Bresser Pereira – O que o Keynes propõe é que na recessão o estado expanda o gasto e não aumente. Entretanto, eu sou a favor do ajuste que está sendo feito porque o que o Keynes também supunha é que o estado, neste caso, estaria com suas contas perfeitamente equilibradas. E quando viesse a recessão, o estado entraria em déficit, mas por pouco tempo e depois voltaria à normalidade. Foi o que aconteceu no Brasil quando veio a crise de 2008. O Estado brasileiro estava saudável; e o Lula e o Mantega fizeram uma expansão fiscal. Ninguém reclamou porque tinha que fazer isso mesmo; e o Estado se reequilibrou. 

Agora, a Dilma se desesperou quando viu que as políticas de câmbio e de juros não eram suficientes e que o país não tinha conseguido crescer nos dois primeiros anos. Ela resolveu recorrer a uma política industrial radical, que é uma política de desonerações. Isso custou uma fortuna para o Estado. Este foi o erro da vida dela. De um superávit fiscal, o Estado brasileiro foi a um déficit em conta corrente de 0,6% do PIB. Deste modo, a Dilma perdeu a confiança dos empresários nacionais e do mercado externo. E quando veio a recessão, que não foi causada por isso, o Estado brasileiro não podia fazer a expansão fiscal. Portanto, a Dilma teve que colocar ‘ordem na casa’, mas é uma forma muito triste e dura. Não é razoável, mas é consequência de um erro anterior. 

Sobre o Workshop
A professora Daniela Prates explicou que o Workshop, que acontece deste o dia 14, é o primeiro de uma série que serão realizados anualmente em países em desenvolvimento. A iniciativa é financiada pelo governo alemão.

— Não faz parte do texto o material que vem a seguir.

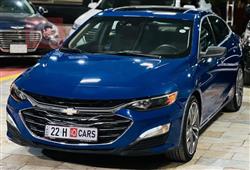 شيفروليه ماليبو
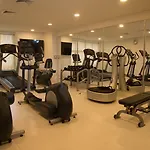 Charleston Santa Teresa Cartagena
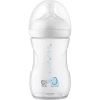 Philips Avent Babyflasche SCY673/81 Natural Response Mit AirFree Ventil 260ml Neutral Elefant -Nip-Family shop philips avent babyflasche scy673 81 natural response mit airfree ventil 260ml neutral elefant a410289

O objetivo, de acordo com ela, é discutir a questão do desenvolvimento econômico nos países emergentes, contando, inclusive com a participação de universidades destes países. Os próximos seminários previstos devem acontecer na China, em 2017; na Índia, em 2018; e na África do Sul, em 2019. 

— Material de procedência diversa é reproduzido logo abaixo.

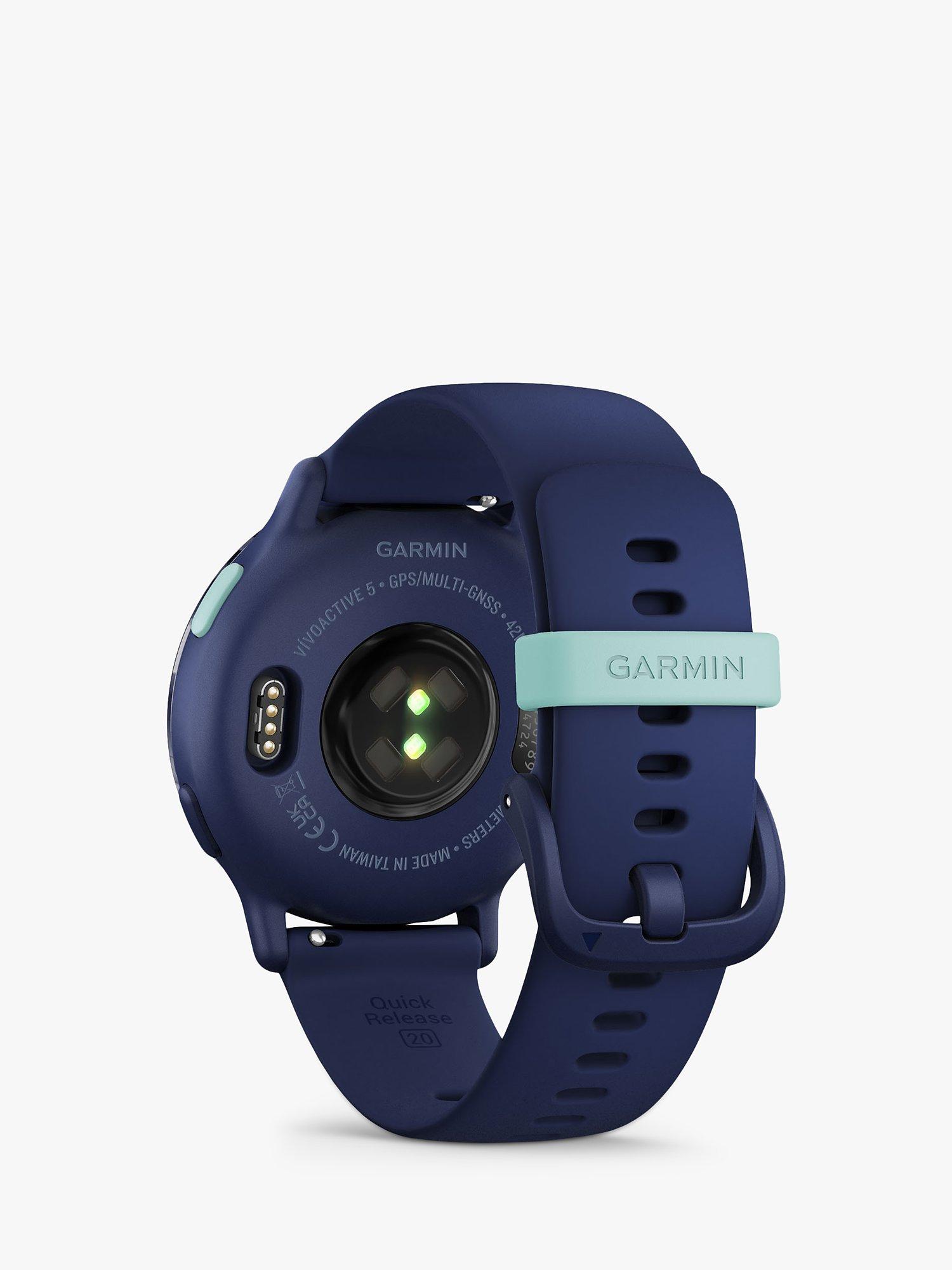 Garmin vivoactive john lewis sale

Sobre a questão desenvolvimentismo, o professor André Biancarelli, que participou de palestra junto com Bresser Pereira, ressaltou que há uma diferença entre as duas correntes atualmente: o novo desenvolvimentismo e o social-desenvolvimentismo. 

“Com o avanço do pensamento sobre o desenvolvimento brasileiro acabou se configurando dois grupos de ideias. As diferenças principais seriam no próprio papel do estado e particularmente na questão social, daí o nome. A distribuição de renda é vista nessa vertente mais social como um motor importante dinâmico e não um empecilho ao crescimento”, explicou.